La Filosofia per i non addetti ai lavori: una piccola esperienza di ’didattica del mito’
Di recente (il 17 novembre scorso) l’amica Vittoria Gallina mi ha chiesto di parlare del mito classico presso la biblioteca dell’istituto Federico Caffè’ di Roma. All’iniziativa, promossa dal prof. Massimo Tegolini, ha partecipato una seconda del liceo scientifico delle scienze applicate accompagnata dalla prof.ssa Federica Luccerini.
L’incontro aveva tutte le premesse per dimostrarsi poco efficace. L’orario, fissato alle ore 13, dopo un intero giorno di lezioni, l’argomento offerto a studenti che non conoscevano né l’Iliade, né l’Odissea, né l’Eneide e che non avevano nel curricolo l’insegnamento di latino.
Non è stato così. Guardinghi all’inizio, i ragazzi, stimolati a intervenire e riportati su terreni a loro più familiari, hanno partecipato attivamente, dimostrando interesse e acume nelle osservazioni e facendo mostra di quel ‘pensiero laterale’ di cui le menti giovani si nutrono e che così poco viene tenuto in considerazione nella normale prassi di insegnamento-apprendimento.
Già, perché come la chimica può essere insegnata a partire dalla cucina di casa, così un argomento apparentemente tanto lontano nel tempo e denso di erudizione come il mito classico può aprirsi alla esperienza del quotidiano, dandole – o cercando di darle – senso e prospettiva.
Ragionando sul significato e l’origine delle parole, ad esempio, (la serie di slides a corredo dell’incontro è iniziata con Homer Simpson che pronuncia il suo celebre “Mitico!”), dobbiamo sforzarci di rendere meno sordo e ossificato il linguaggio di tutti i giorni, facendo, per così dire, la spola tra la vita fuori dell’aula, che non va obliterata o accantonata, e la scholè, ovvero il momento ineludibile in cui cessano i rumori esterni e ci si concentra su una dimensione ‘disinteressata’ se si vuole, ‘inutile’, dello studio.
Nel caso del mito, il fuoco della ricerca non potrà che essere sulle ragioni dell’esistere, sul perché delle cose. Da questo punto di vista, il discorso mitologico ha l’indubbio vantaggio di comprendere in sé la dimensione fantastico-favolistica, oggi particolarmente vitale e diffusa tra i giovani (basti pensare ai videogiochi, ai fumetti, a tanta filmografia) e quella, ben più importante, di una prospettiva non dogmatica, aperta (potremmo dire, in termini filosofici, ‘non dialettica’), tramite la quale giungere alla consapevolezza che lo scopo del nostro indagare non è quello di chiudere il cerchio, di confezionare pacchettini di senso sciolti dal contesto, ma quello di accettare la molteplicità così com’è, senza mai pretendere di avere ricette risolutive e senza per questo rinunciare a interrogare e a interrogarsi.

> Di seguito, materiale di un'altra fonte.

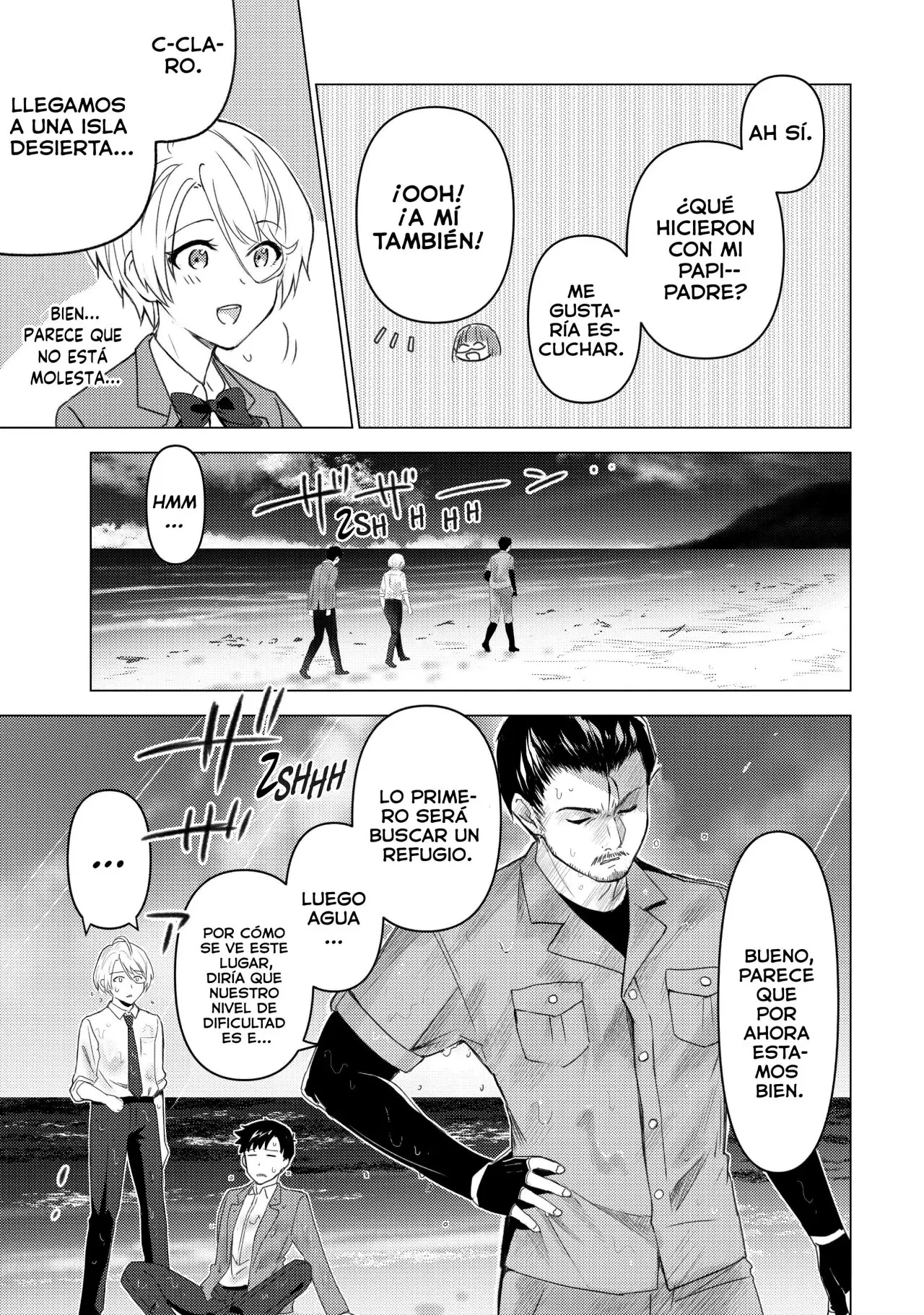 Sounan desu ka? capítulo 123 página 6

In questa accezione, parlare del mito e ‘fare filosofia’ sono un tutt’uno. Mythos (discorso sui fondamenti) e Logos (ragionamento sui fondamenti) dovrebbero costituire una dimensione ineludibile dell’insegnare che, ribadiamolo, significa non già trasmettere soluzioni, ma imprimere segni, fornire indicazioni e strumenti, accendere piccoli fuochi.

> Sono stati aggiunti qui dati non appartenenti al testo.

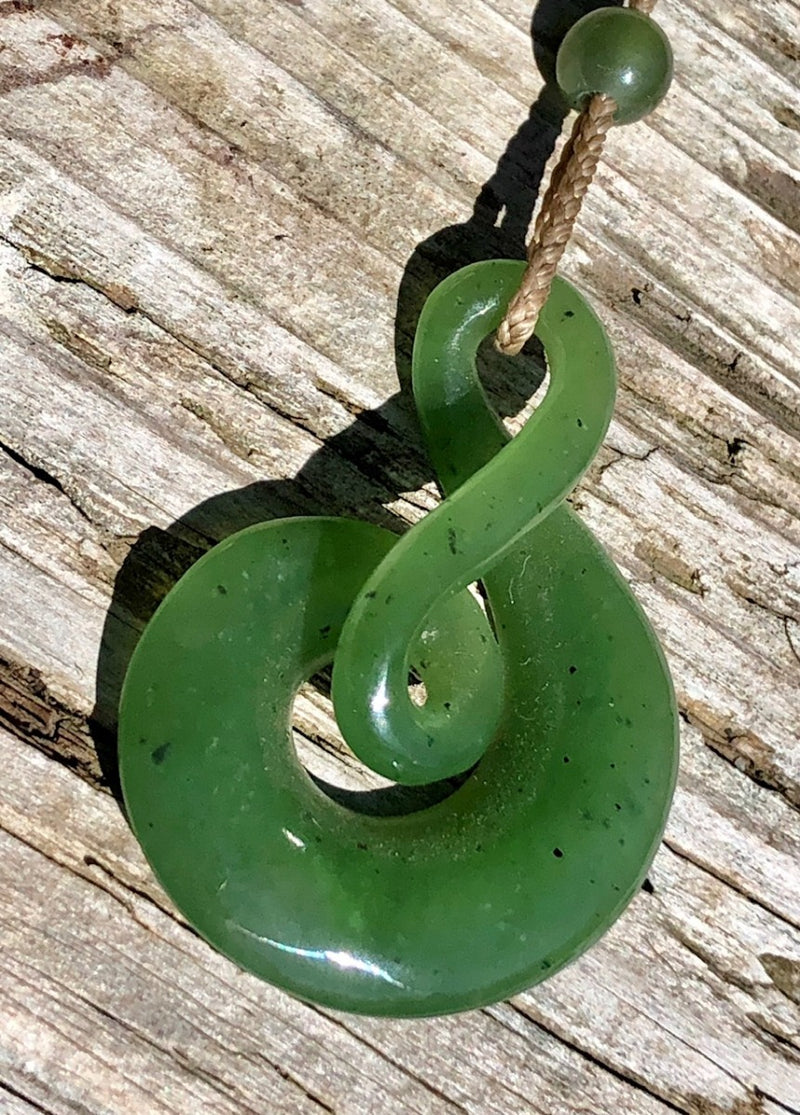 Infinity Twist Pendant, 3067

La mera applicazione di un ulteriore francobollo disciplinare “filosofico” a un impianto curricolare rigido quale è quello della secondaria superiore italiana, compreso l’indirizzo tecnico-professionale, corre invece il serio rischio di rappresentare un ulteriore aggravio dei processi di apprendimento di contenuti complessi come quelli filosofici, senza che essi, come dovrebbero, riescano a fecondare il percorso scolastico nella sua interezza, contribuendo in modo decisivo a “emancipare” gli studenti rispetto alla loro condizione d’ingresso nella scuola.
Ha dunque perfettamente ragione Andrea Turchi quando dice, su questa stessa rivista, che è necessario un ripensamento radicale del modello di formazione dei docenti, ancora prevalentemente di tipo accademico-disciplinare, nonché «un profondo rinnovamento delle struttura della scuole: un minore dominio delle materie a fronte di una maggiore permeabilità (che va sicuramente organizzata dagli stessi docenti)”».